Ich weiß, dass das viele überfordert. Bei mir zuhause, als ich Kind war, stand Weihnachten auch nicht immer unter einem guten Stern. Es war oft zu viel: zu viel Erwartung, zu viel Projektion, zu viel Stress. Und deshalb plädiere ich hier und jetzt nachdrücklich für Gelassenheit. In dieser letzten Woche, die noch bleibt bis zum Heiligabend. Als Nebeneffekt könnte dem sogar entgegenkommen, dass wir in diesem Jahr gar nicht so viel unternehmen können. Womit ich die Probleme nicht kleinreden will. Aber dass alles kleiner ausfällt als sonst, könnte auch ein Vorteil sein. Weniger Stress hilft zu mehr Gelassenheit.
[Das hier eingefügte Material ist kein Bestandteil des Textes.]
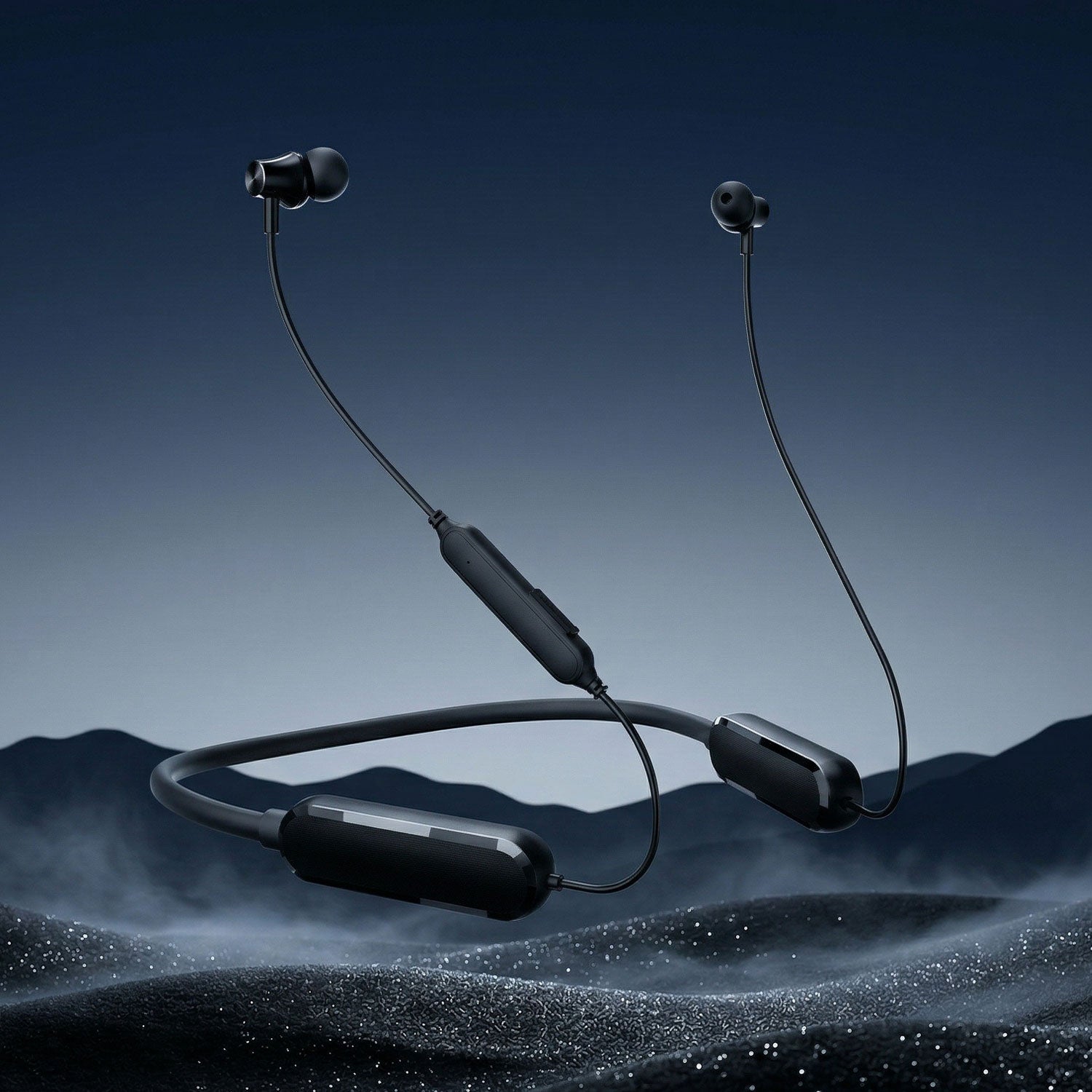 NeckEase Hearing Aids – Hands-Free Neckband Style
Und was noch? Mir hilft am meisten eine grundlegende Einsicht. Wir feiern zwar Weihnachten an einem bestimmten Datum. Aber was dieses Fest im Kern ausmacht, spielt sich das ganze Jahr über ab. Gott wird Mensch. Er macht mir auf diese Weise Mut, meiner menschlichen Natur zu vertrauen. Ich bin gut, wie ich bin. Ich habe alles, was ich brauche, um ein guter Mensch zu sein. Ich kann an jedem Tag das Jahr über, was daraus machen. Friede auf Erden- darum geht es immer; nicht nur an den Weihnachtstagen. Und auch wenn ich nichts Großartiges plane und vorbereite für das Fest der Liebe. Die Liebe habe ich immer dabei. Und kann sie denen zeige, mit denen ich feiere.